If Edge is very boring and/or taking a long time to process the API request, then you will go a 504 Gateway Timeout error.

Diagnosis

  1. Trace the affected API in Border UI.
  2. Either wait for the mistake to occur or if you lot have the API telephone call, then make some API calls and reproduce the 504 Gateway Timeout fault.
  3. Note, in this case, you may see a successful response in the Trace.
    1. The Router/client times out as the Message Processor does non respond back within the specified timeout period on the Router/customer (whichever has the lowest time out period). Notwithstanding, the Message Processor continues to process the request and may complete successfully.
    2. In addition, the HTTPTransport.io.timeout.millis value assault the Message Processor triggers only if the Message Processor communicates with a HTTP/HTTPS backend server. In other words, this timeout will non become triggered when whatever policy (other than ServiceCallout policy) inside API Proxy is taking a long time.
  4. After the mistake has occurred, examine the specific request that has the longest elapsed time.
  5. Check the elapsed time at each phase and make a note of the stage where the most time is spent.
  6. If y'all observe the longest elapsed time in whatever of the policies other than the Service Callout policy, then that indicates that Edge is taking a long time to process the asking.
  7. Here'southward a sample UI trace showing very high elapsed time on JavaScript Policy:

  8. In the above example, you observe that the JavaScript policy takes an abnormally long corporeality of time of ~ 245 seconds.

Resolution

  1. Check if the policy that took a long fourth dimension to reply and if at that place is any custom code that might require a long time to process. If there is any such lawmaking, then see if you tin can fix/optimize the identified lawmaking.
  2. If there is no custom code that might cause high processing time, then check if the Message Processors are experiencing high CPU or memory usage:
    1. If whatsoever Message Processor is experiencing high CPU usage, and so generate 3 thread dumps every 30 seconds using the post-obit control:
                                  JAVA_HOME/bin/jstack -l                            PID                            >                            FILENAME                          
    2. If whatsoever Message Processor is having high Memory usage, so generate a heap dump using the post-obit control:
      sudo -u apigee                            JAVA_HOME/bin/jmap -dump:live,format=b,file=FILENAME                            PID                          
    3. Restart the Message Processor using the below control. This should bring downwardly the CPU and Memory.
      /opt/apigee/apigee-service/bin/apigee-service edge-message-processor restart
    4. Monitor the API calls and confirm if the problem still exists.
    5. Contact Apigee Support and provide the thread dumps, heap dump, and Message Processor logs (/opt/apigee/var/log/edge-bulletin-processor/logs/arrangement.log)to aid them investigate the cause for the high CPU/memory usage.
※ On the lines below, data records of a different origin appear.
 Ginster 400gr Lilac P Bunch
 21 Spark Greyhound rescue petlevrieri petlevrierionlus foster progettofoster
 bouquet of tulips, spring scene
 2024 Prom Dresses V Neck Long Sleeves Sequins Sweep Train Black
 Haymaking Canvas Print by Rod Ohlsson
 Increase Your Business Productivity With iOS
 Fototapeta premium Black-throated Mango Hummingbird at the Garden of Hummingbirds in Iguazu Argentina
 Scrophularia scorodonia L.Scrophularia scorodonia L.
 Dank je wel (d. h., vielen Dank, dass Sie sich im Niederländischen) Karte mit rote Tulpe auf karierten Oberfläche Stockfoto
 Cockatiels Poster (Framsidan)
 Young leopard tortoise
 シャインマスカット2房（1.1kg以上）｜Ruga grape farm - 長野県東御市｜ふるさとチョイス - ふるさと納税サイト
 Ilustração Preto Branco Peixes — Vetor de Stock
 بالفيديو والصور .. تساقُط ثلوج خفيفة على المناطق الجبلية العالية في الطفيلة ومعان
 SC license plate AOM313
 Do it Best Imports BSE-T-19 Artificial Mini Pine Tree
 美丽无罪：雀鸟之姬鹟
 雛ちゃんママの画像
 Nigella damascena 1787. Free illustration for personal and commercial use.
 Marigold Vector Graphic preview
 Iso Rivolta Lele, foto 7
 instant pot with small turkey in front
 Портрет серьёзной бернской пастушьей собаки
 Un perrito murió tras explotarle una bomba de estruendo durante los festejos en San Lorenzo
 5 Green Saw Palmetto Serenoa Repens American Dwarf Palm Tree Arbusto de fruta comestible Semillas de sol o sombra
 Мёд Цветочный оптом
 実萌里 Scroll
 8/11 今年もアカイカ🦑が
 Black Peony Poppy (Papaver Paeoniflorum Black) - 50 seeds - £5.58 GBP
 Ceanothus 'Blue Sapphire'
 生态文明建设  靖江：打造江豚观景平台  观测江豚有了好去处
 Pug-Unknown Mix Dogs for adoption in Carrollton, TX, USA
Diagnose problems using API Monitoring

API Monitoring enables you to isolate problem areas quickly to diagnose error, performance, and latency issues and their source, such as developer apps, API proxies, backend targets, or the API platform.

Pace through a sample scenario that demonstrates how to troubleshoot 5xx issues with your APIs using API Monitoring. For example, you may desire to fix up an alarm to exist notified when the number of 504 status codes exceeds a particular threshold.